MOSCOW – President Vladimir Putin received Syrian leader Bashar al-Assad in Moscow for the first time since 2015 on Monday and criticised foreign forces that are in Syria without a U.N. mandate, the Kremlin said, in a rebuke of the United States and Turkey.
Assad’s most powerful ally in the decade-long Syrian conflict, Putin last received the Syrian leader in Russia in 2018 at his summer residence in the Black Sea resort of Sochi.
Russia’s air force played a critical role in turning the tide of the Syrian conflict in Assad’s favour after it deployed there in 2015, helping him recover most territory lost to insurgents.
However, significant parts of Syria remain out of state control, with Turkish forces deployed in much of the north and northwest – the last major bastion of anti-Assad rebels – and U.S. forces in the Kurdish-controlled east and northeast.
Assad, who has also been backed by Iran during the conflict, has made few trips abroad since the war began in 2011.
Putin told Assad that foreign forces in Syria without a U.N. decision were a hindrance to its consolidation, the Kremlin said.
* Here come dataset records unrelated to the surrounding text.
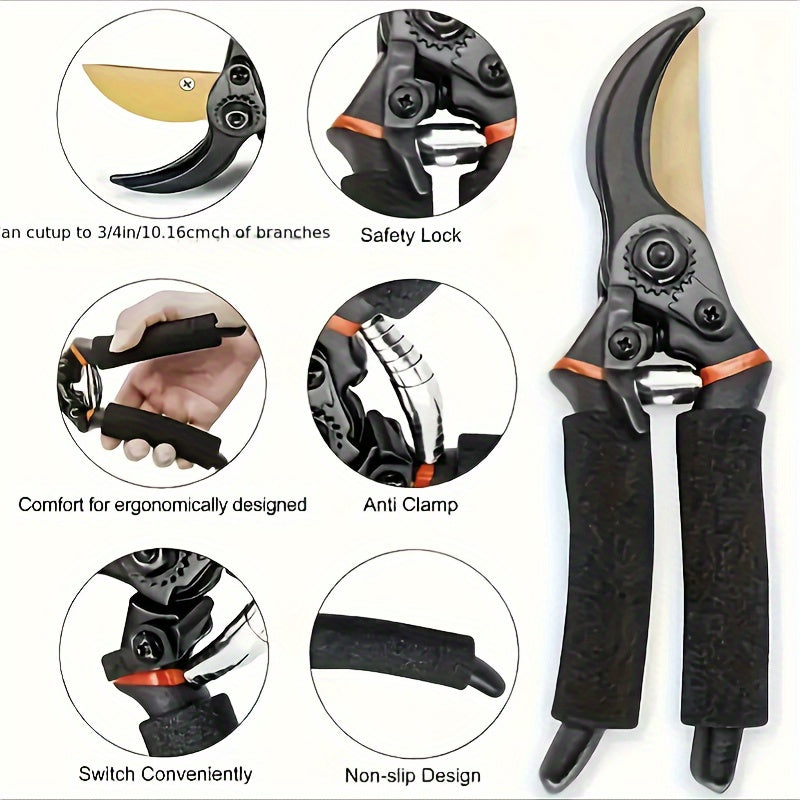 1pc Tijeras de Poda Ergonómicas - Acero al Carbono, Tijeras de Jardín Ahorradoras de Trabajo para Árboles Frutales y Arreglos Florales, Herramienta de Jardinería para el Hogar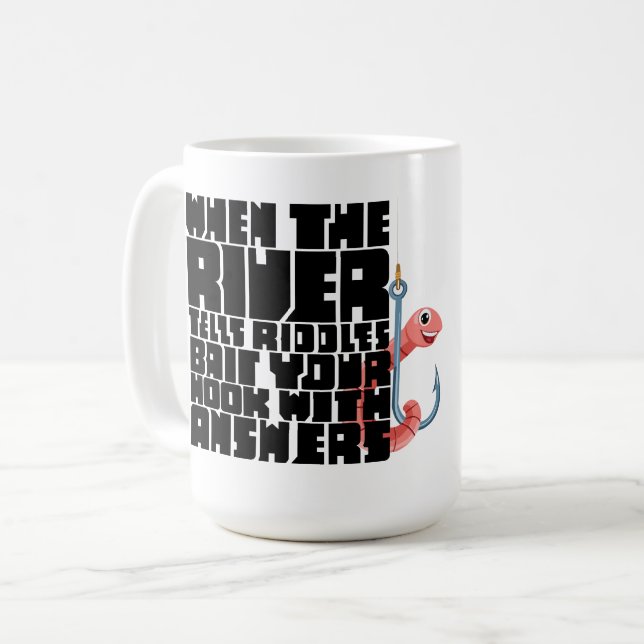 Caneca De Café Answers For The Rivers Riddle  (Frente Esquerda)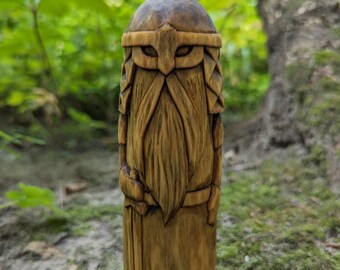 Vidar Norse wooden figurine mythology pagan home decor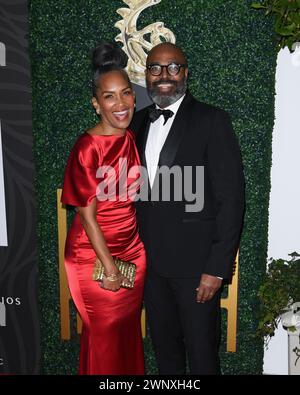 3 mars 2024, Los Angeles, Californie, États-Unis : MARA BROCK AKIL (l) ET SALIM AKIL à la 6e édition du American Black film Festival Honors qui s'est tenue à l'hôtel SLS à Beverly Hills, Californie (crédit image : © Charlie Steffens/ZUMA Press Wire) USAGE ÉDITORIAL SEULEMENT! Non destiné à UN USAGE commercial ! Banque D'Images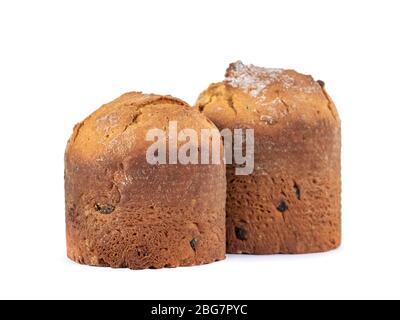 Homemade Easter cake, paska isolated on white background Stock Photo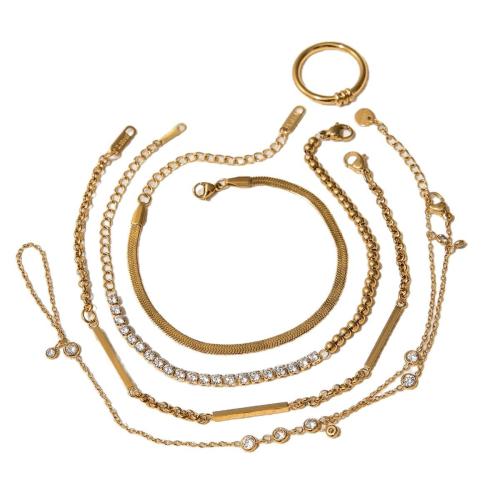 Roestvrij staal sieraden sets, 304 roestvrij staal, met Cubic Zirconia, plated, mode sieraden & verschillende stijlen voor de keuze & voor vrouw, gouden, Verkocht door PC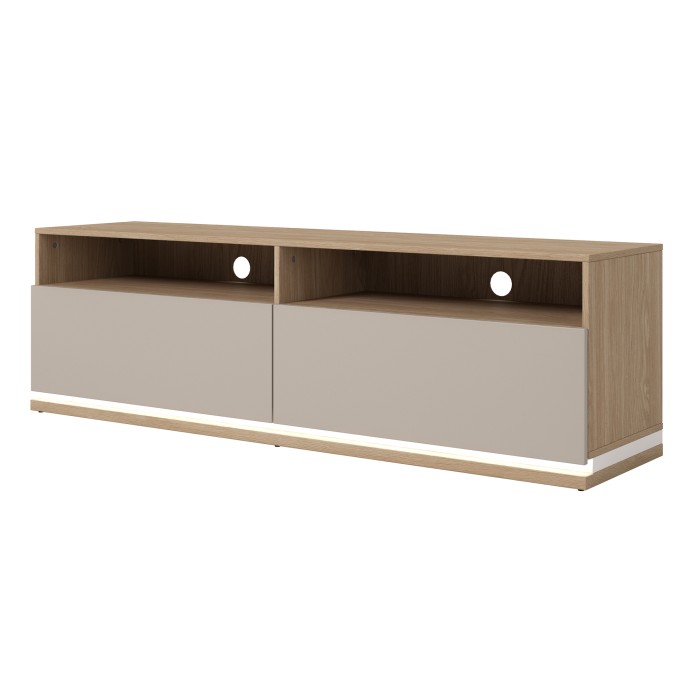 Meuble TV JULIA – 2 tiroirs, 2 niches et passe-câbles – Chêne huilé et beige cashmere – L 160 cm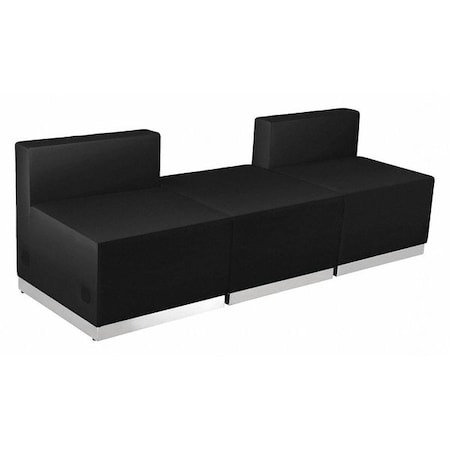 3 pcs. Living Room Set, 25-1/4" to 25-1/2" x 27", Upholstery Color: Black
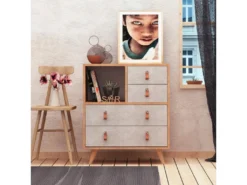 Meuble En Chêne Blanc Avec Panneaux De Particules 100% Mélaminés. 70x88,6x40 -Meubles Soldes Magasin buffet 13047587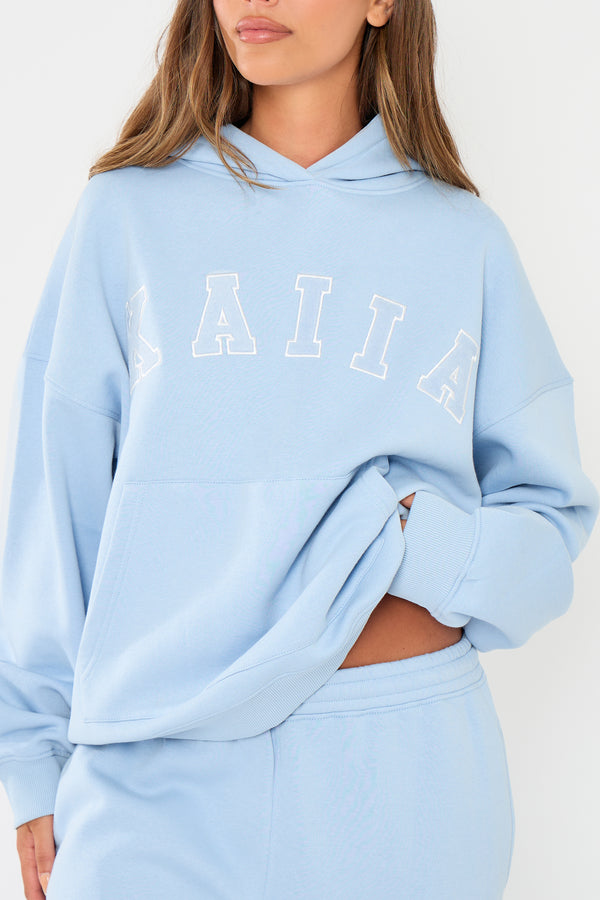 Kaiia Slogan Oversized Hoodie Light Blue & White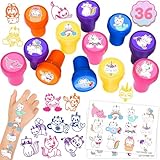 36PCS Caticorn Party Favors - 24PCS Temporary Tattoos & 12PCS Stamps - Ideal Cat Unicorn Themed Birthday Card Decorations Supplies Goodie Bag Cute Rewards for Boys Girls Classroom Gifts Baby Shower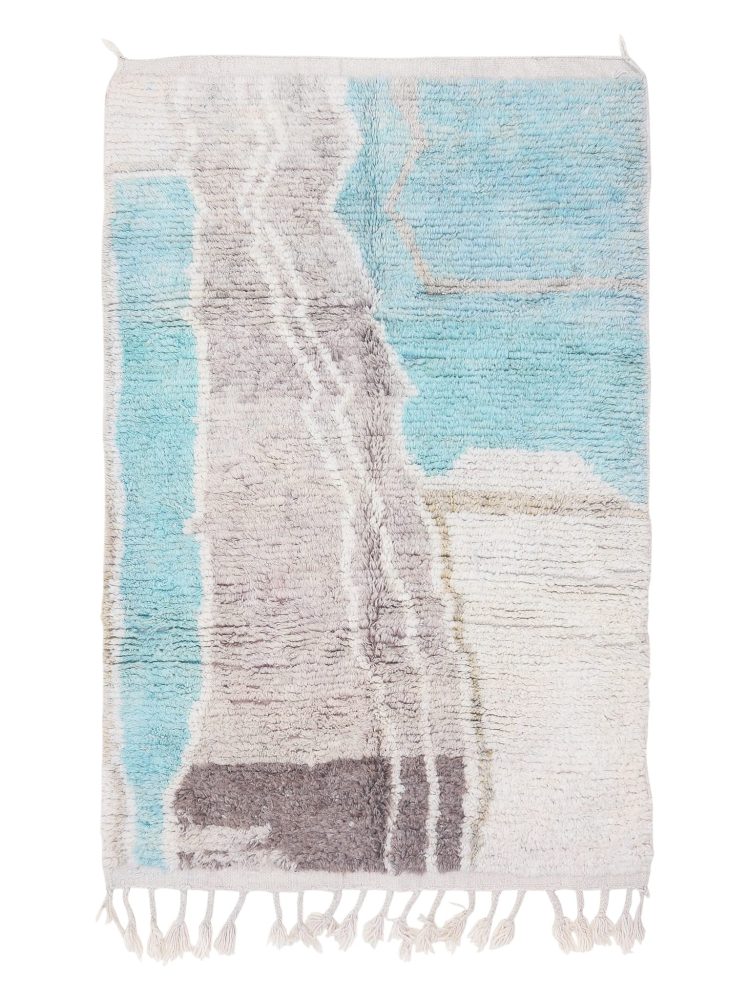 Moroccan Blue Abstract Area Rug with intricate patterns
Putin also congratulated him on winning a fourth term in office in a presidential election in May.
“Terrorists sustained very serious damage, and the Syrian government, headed by you, controls 90% of the territories,” Putin said, according to a Kremlin statement.
The Kremlin said Assad thanked the Russian leader for humanitarian aid to Syria and for his efforts to halt the “spread of terrorism”.
He lauded what he called the success of Russian and Syrian armies in “liberating occupied territories” of Syria.
Assad also described as “antihuman” and “illegitimate” sanctions imposed by some nations on Syria.
The United States tightened sanctions against Syria last year, saying they were aimed at forcing Assad to stop the war and agree to a political solution.
Syrian state news agency SANA said the two leaders discussed cooperation between the Syrian and Russian armies in “combating terrorism and completing the liberation of the land that is still under the control of terrorist organisations”.